How speedily the fellow did revenge himself, and thoroughly;
It does not seem a case of one blind speaking to a deaf man:
as Cratinus says, in his Archilochi. For he, forgetting before what a tribunal he was making an exhibition of his fine iambics, read his colabri with his natural greediness, and at the same time with his usual elegance of expression, and
Melodies out of time, and tuneless cymbals:
and after all this fine ignorant stupidity, he goes round to people's houses, seeking out where any handsome banquet is prepared, carrying his conduct to a length even beyond the Athenian Chærephon, of whom Alexis says in his Fugitive—
That Chærephon has always got some trick,
And now he's looking for some feast to share
Where he himself will not be call'd upon
For any contribution. For wheresoever
A pot, such as is let to cooks, does stand,
Thither he goeth at the earliest dawn;
And if he sees one come to hire it
For any feast, he asks the cook the name
Of him who gives the feast, and then as soon
As the door opens, in he walks the first.

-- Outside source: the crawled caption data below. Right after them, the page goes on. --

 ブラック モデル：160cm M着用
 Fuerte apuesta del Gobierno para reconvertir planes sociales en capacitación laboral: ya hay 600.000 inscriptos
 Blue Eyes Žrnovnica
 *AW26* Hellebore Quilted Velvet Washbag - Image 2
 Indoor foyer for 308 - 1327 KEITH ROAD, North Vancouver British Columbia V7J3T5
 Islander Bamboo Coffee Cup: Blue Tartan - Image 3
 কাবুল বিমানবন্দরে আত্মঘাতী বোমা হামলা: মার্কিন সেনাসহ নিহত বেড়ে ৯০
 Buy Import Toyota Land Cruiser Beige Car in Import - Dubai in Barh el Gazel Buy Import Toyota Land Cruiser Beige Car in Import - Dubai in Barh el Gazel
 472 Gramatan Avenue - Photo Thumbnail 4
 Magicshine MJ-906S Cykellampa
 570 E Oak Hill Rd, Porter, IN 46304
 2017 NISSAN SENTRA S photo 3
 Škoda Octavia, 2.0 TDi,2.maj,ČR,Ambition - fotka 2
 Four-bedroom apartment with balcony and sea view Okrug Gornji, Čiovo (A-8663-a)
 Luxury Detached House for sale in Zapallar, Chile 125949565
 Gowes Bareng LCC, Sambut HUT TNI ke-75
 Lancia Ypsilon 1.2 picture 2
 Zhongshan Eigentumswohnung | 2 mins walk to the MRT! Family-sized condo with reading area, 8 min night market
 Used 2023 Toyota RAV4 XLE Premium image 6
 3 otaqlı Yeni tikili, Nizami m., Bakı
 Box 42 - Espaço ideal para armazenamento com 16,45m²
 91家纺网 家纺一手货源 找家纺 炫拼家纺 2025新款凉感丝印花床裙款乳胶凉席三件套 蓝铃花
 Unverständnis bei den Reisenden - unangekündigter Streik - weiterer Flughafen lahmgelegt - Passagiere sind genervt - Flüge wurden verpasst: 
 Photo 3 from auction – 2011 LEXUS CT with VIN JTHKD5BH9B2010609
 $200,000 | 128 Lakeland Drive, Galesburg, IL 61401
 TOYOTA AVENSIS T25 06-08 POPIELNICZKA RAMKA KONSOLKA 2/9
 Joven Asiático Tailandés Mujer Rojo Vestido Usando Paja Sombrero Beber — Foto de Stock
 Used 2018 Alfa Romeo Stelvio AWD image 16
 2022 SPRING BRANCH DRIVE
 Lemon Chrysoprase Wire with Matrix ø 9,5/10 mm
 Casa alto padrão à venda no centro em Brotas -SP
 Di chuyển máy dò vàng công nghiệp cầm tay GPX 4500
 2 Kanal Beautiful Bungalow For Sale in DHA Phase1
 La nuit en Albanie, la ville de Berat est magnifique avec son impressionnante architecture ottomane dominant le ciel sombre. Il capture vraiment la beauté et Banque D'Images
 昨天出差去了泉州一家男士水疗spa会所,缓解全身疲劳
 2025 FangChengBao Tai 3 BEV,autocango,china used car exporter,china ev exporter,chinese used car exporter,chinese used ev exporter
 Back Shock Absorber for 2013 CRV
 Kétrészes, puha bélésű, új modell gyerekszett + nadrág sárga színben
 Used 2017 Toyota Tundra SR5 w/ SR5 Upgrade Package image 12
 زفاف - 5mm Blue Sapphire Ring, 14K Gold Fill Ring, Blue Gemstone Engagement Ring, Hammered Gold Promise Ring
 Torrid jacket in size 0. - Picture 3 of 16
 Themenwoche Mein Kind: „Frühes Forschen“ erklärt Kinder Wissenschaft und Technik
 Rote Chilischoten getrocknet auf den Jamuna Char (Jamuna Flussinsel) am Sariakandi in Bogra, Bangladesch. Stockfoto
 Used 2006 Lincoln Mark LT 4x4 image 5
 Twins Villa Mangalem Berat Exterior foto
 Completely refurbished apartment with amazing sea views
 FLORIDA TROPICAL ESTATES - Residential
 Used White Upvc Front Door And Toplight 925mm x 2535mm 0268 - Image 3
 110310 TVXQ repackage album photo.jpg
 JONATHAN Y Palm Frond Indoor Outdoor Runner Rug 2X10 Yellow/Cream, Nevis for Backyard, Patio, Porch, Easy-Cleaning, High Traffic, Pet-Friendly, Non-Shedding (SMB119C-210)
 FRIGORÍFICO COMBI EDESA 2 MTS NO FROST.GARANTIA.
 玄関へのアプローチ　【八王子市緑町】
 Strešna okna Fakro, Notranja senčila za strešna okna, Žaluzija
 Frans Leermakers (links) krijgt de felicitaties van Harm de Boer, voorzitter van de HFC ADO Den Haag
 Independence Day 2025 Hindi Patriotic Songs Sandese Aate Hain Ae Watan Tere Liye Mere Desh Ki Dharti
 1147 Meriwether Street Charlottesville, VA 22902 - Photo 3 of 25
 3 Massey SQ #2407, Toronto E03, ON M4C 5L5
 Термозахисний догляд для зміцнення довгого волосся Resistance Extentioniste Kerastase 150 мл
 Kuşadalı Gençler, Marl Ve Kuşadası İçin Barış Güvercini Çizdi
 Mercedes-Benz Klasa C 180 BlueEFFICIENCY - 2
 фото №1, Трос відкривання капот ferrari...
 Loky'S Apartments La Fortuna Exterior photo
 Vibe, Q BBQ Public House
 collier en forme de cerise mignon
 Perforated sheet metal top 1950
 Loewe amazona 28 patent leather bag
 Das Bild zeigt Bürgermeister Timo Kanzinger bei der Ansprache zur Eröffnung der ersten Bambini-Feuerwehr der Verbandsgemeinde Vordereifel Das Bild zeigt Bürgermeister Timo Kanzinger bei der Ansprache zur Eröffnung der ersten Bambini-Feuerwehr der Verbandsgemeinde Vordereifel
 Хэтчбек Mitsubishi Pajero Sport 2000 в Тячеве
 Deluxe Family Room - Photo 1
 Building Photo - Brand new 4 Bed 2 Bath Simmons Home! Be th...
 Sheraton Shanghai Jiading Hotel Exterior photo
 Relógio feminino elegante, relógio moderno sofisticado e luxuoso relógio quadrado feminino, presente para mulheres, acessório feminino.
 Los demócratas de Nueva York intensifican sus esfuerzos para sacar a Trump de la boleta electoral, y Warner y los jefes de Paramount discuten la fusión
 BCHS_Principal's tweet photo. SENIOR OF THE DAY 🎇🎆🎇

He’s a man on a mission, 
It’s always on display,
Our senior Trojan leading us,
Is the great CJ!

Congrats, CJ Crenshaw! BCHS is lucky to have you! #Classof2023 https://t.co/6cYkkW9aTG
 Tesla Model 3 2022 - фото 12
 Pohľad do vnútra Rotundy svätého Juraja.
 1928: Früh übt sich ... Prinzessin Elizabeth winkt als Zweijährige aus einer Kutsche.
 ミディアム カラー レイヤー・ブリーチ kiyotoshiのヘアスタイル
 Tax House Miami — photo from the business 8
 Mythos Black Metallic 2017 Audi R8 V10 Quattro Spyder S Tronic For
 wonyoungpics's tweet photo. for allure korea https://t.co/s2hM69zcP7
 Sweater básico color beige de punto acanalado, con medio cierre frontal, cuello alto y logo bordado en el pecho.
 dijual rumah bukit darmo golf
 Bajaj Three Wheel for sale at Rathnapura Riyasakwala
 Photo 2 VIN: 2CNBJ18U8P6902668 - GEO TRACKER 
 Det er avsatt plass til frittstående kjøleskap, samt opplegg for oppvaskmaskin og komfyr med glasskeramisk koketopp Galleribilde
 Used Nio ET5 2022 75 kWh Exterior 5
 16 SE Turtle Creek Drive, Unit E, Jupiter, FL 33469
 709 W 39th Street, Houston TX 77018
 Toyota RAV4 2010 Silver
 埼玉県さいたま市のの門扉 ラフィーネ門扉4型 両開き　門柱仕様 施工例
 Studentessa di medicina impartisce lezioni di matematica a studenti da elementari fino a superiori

But this man has no hesitation, like the excellent Magnus, even to make excursions quite beyond the boundaries for the sake of his stomach, as Alexis said in his Men who Died together—
Chærephon comes to Corinth for a supper,
Though he has never had an invitation;
But still he flies across the sea, so sweet
It is to eat of what another pays for.
[p. 265] And Theopompus, in his Ulysses, says—
Well said Euripides, "It is not bad
For a rich man to dine at other's cost."

1 The term ἅλμη, brine, seems used here of a troublesome fellow; something in the same spirit as we call a person “a pickle.”